Migrant Workers: Agriculture

(asked on 2nd September 2022) - View Source

Question to the Home Office:

To ask the Secretary of State for the Home Department, what recent discussions she has had with the Secretary of State for Environment, Food and Rural Affairs on the recruitment of overseas workers as farming machinery operatives; and if she will make an assessment of the potential merits of creating a temporary visa scheme for these workers modelled on the temporary visa scheme for HGV drivers.


Answered by
Tom Pursglove Portrait
Tom Pursglove
Minister of State (Minister for Legal Migration and Delivery)
This question was answered on 20th September 2022

The Government has no plans to introduce a general immigration route allowing recruitment at or near the minimum wage, with relatively short work-based training requirements, nor will there be another similar visa concession to the HGV temporary scheme.

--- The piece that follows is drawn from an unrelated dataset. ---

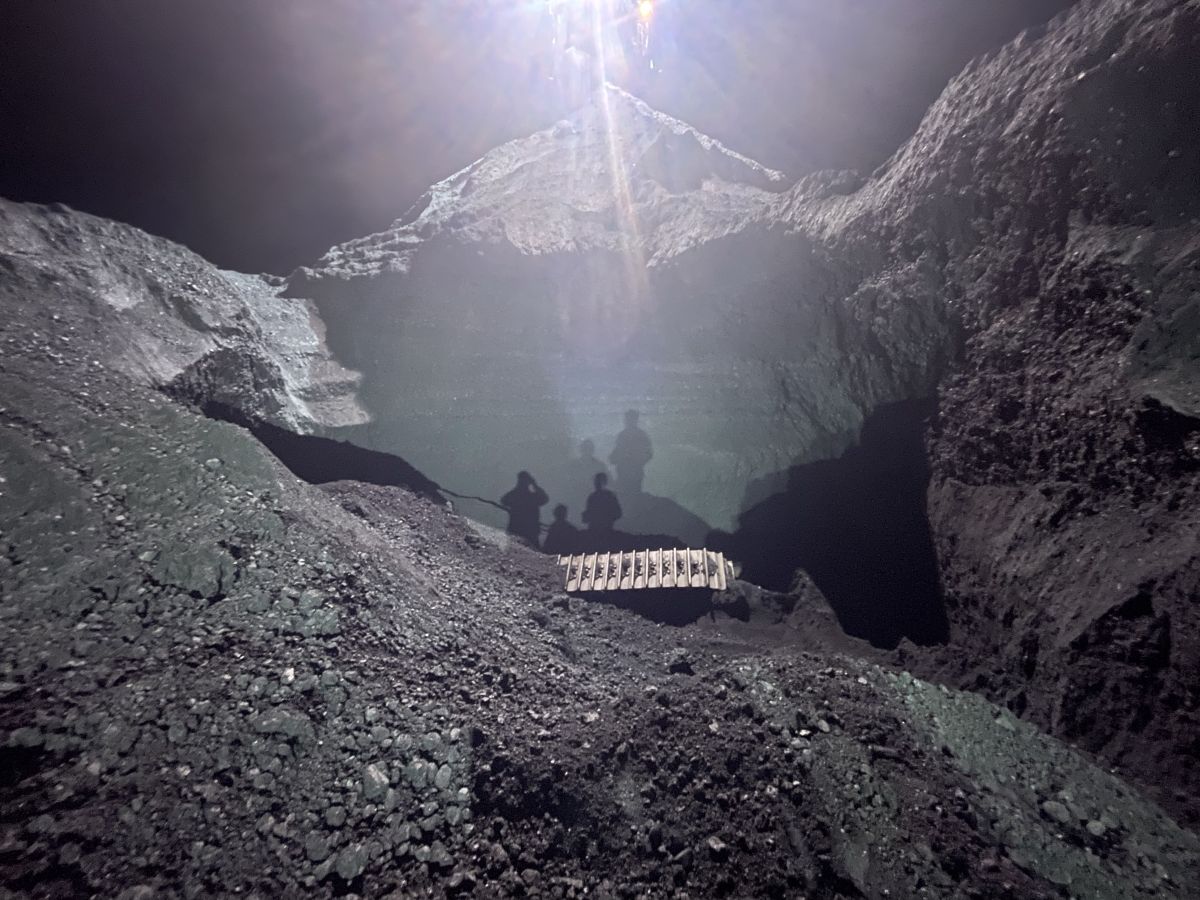 Mining company fined after worker trapped under coal for eight hours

We have no plans to extend the skills threshold below RQF level 3 unless there are truly exceptional circumstances, such as adding care workers to the Shortage Occupation List (SOL). The Government has recently commissioned the Migration Advisory Committee (MAC) to undertake a review of the SOL. We expect the MAC will shortly launch its call for evidence and we encourage interested stakeholders to respond.

Our immigration system is not aiming to replicate the free movement which previously existed between the UK and the EU. The Government recognises some businesses are needing to adjust, but investment and development of the UK’s domestic labour force should take priority, rather than seeing cheap migrant labour as the solution to recruitment difficulties.

Beyond the Points Based System is a wide labour market, which includes UK workers and migrants with general work rights. Businesses should therefore engage with the Department for Work and Pensions in the first instance about the support they can provide.